I am not referring to a prediction of any of the technical details of the QM theory we have today, that of course is unlikely. I rather mean some prediction with regards to the particular and central feature of QM as a theory where the process of measurement is very central, both formally and conceptually, and as one which is deeply incorporated into the theory.

The motivation for the question, is that it seems possible that someone had postulated as a logical necessity, even before QM was "forced" on us, some future time when the very act of measurement itself has to be taken into account as a significant physical interaction that changes the state of the system, when the system is of a small enough scale. On that note, I need to clarify that I am not referring to techniques for handling various types of measurement uncertainties, clearly those were well known prior to QM and are not really referring to the same concept I am describing.

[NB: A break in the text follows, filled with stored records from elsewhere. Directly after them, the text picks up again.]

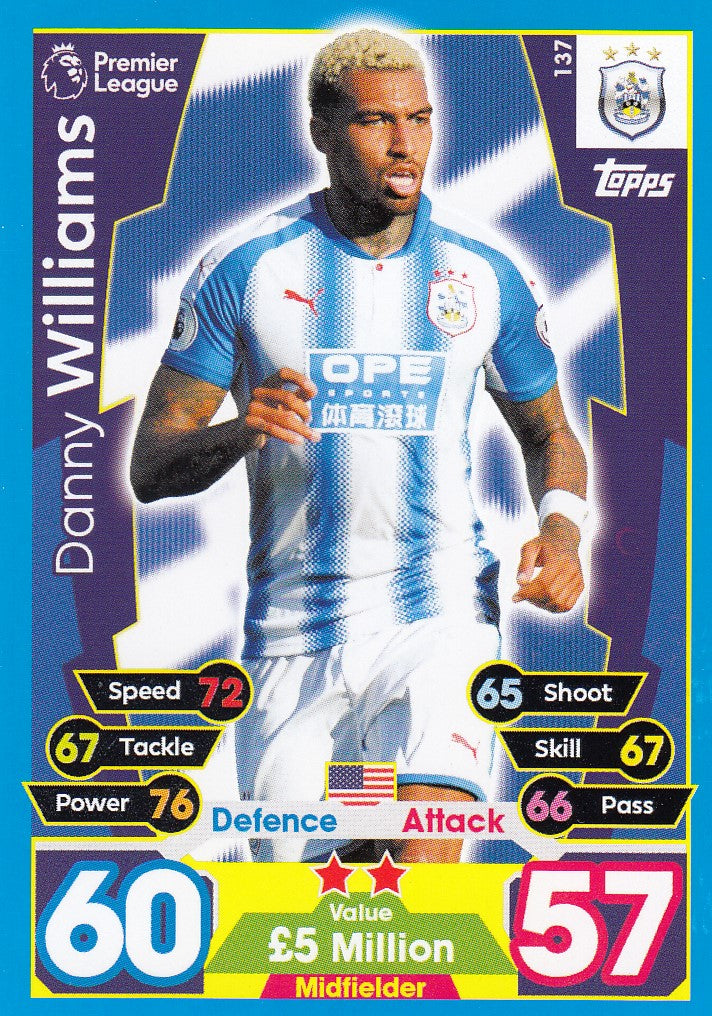 137. DANNY WILLIAMS - HUDDERSFIELD TOWN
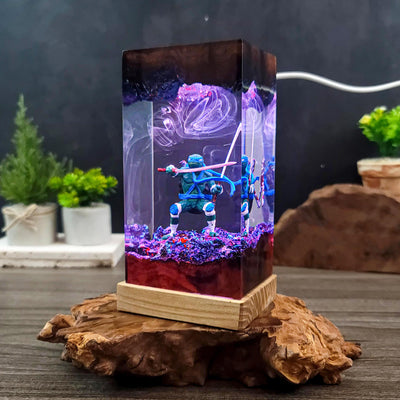 Resin Ninja Sword LED Night Light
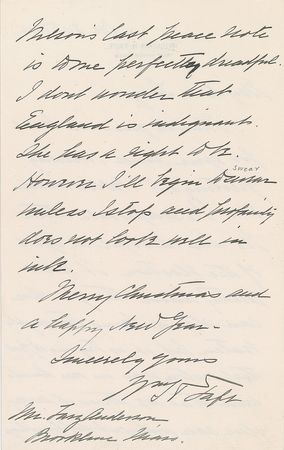Lot #5055 William H. Taft - Image 2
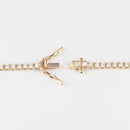 ダイヤモンドテニス ネックレス ストレート K18枠 幅約2.4mm 50cm トータル5.01ct カラー:G〜H クラリティ:SI-1〜SI-2 カット:VG〜G ※ダイヤモンドのグレードは目安となります※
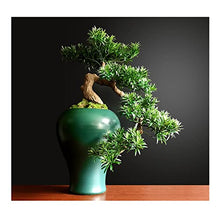 Artificial Trees Bonsai Tree Faux Pine Tree Bonsai Juniper Tree Bonsai Artificial Bonsai Tree Indoor Decoration House Plant with Ceramic Pot Simulated Pine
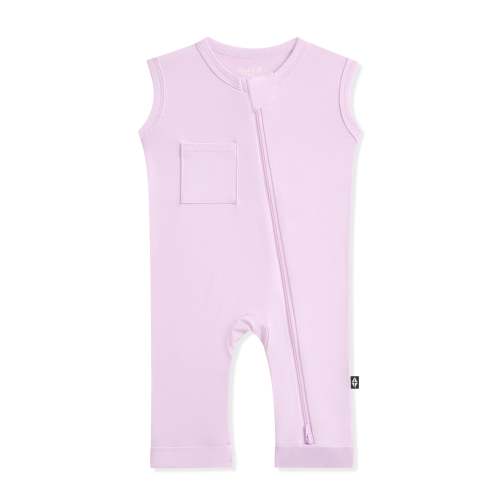 Zippered Sleeveless Romper in Thistle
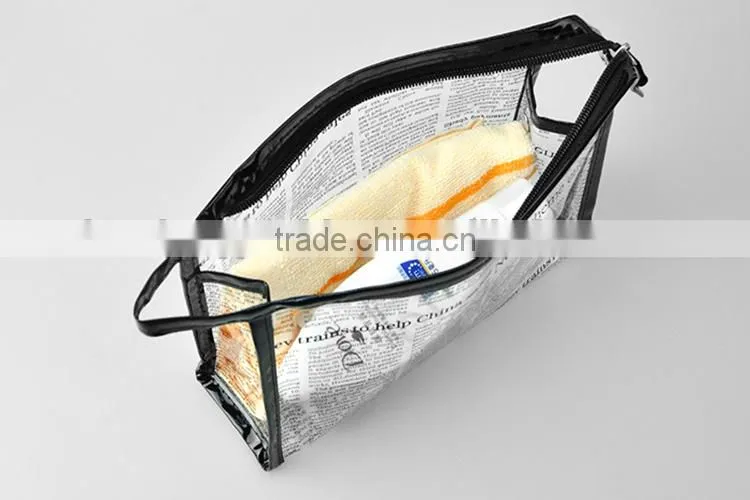 2015 Hottest Transparent Cosmetic PVC Bag Wholesale in China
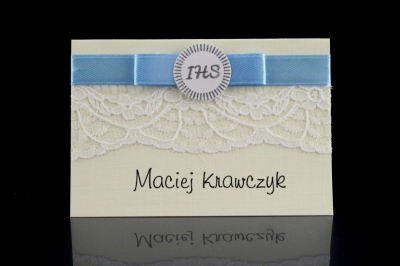 Winietka z podziękowaniem - Koronka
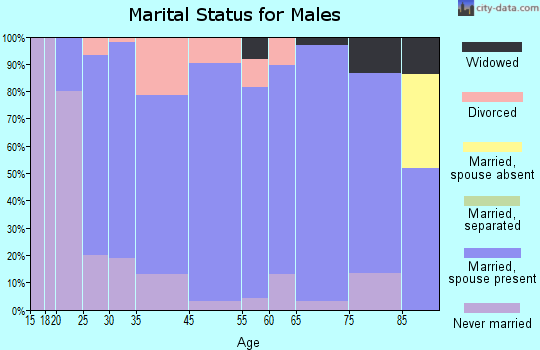 Reinbeck marital status for males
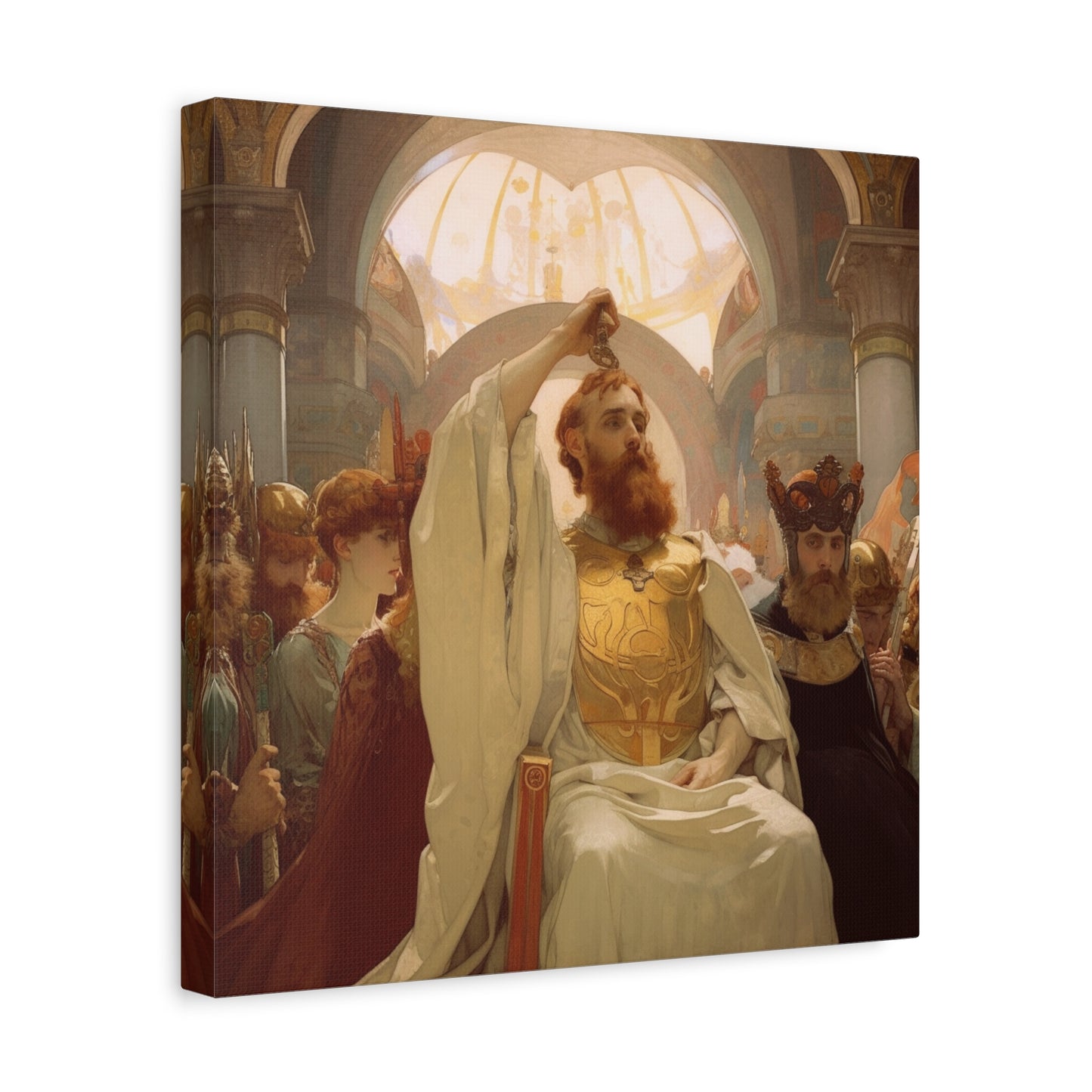 The Eternal Coronation Canvas Print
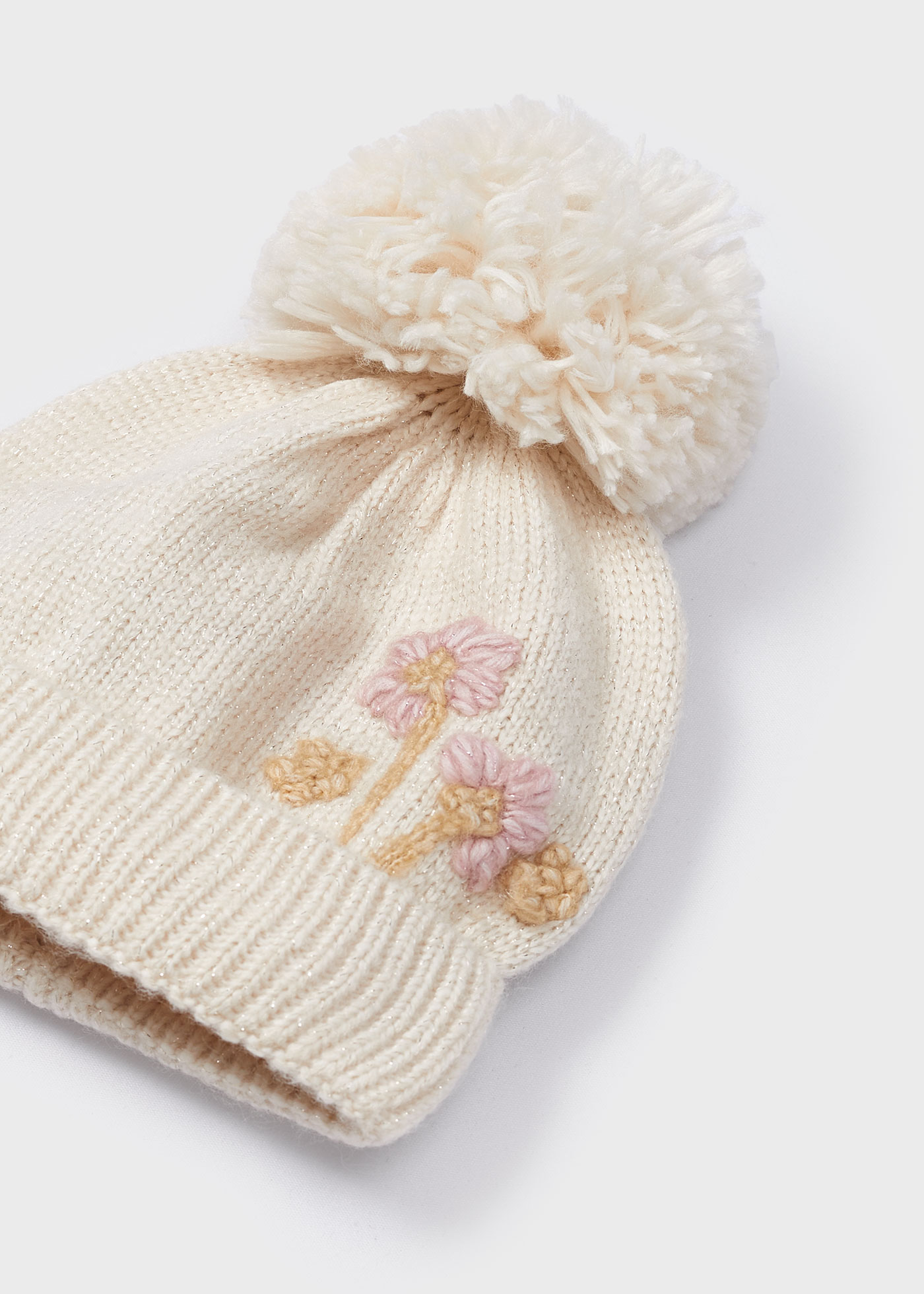 Set 3 pezzi sciarpa fiore bambina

Please note I am not here debating whether that "logical" step of predicting a QM-like theory in the past is in itself valid or not -- it may very well be criticized and shown to be erroneous. I am only highlighting the point that it seems to me not impossible that someone may have thought along those lines, and hence I'm curious if anyone in fact did. Also note, while my title is asking for physicists who speculated along those lines, it will be also interesting to know if any philosopher wrote something about it. However, I am most interested to know if any of the famous physicists such as Newton, Maxwell, Hamilton, etc. ever wrote something pertaining to this idea.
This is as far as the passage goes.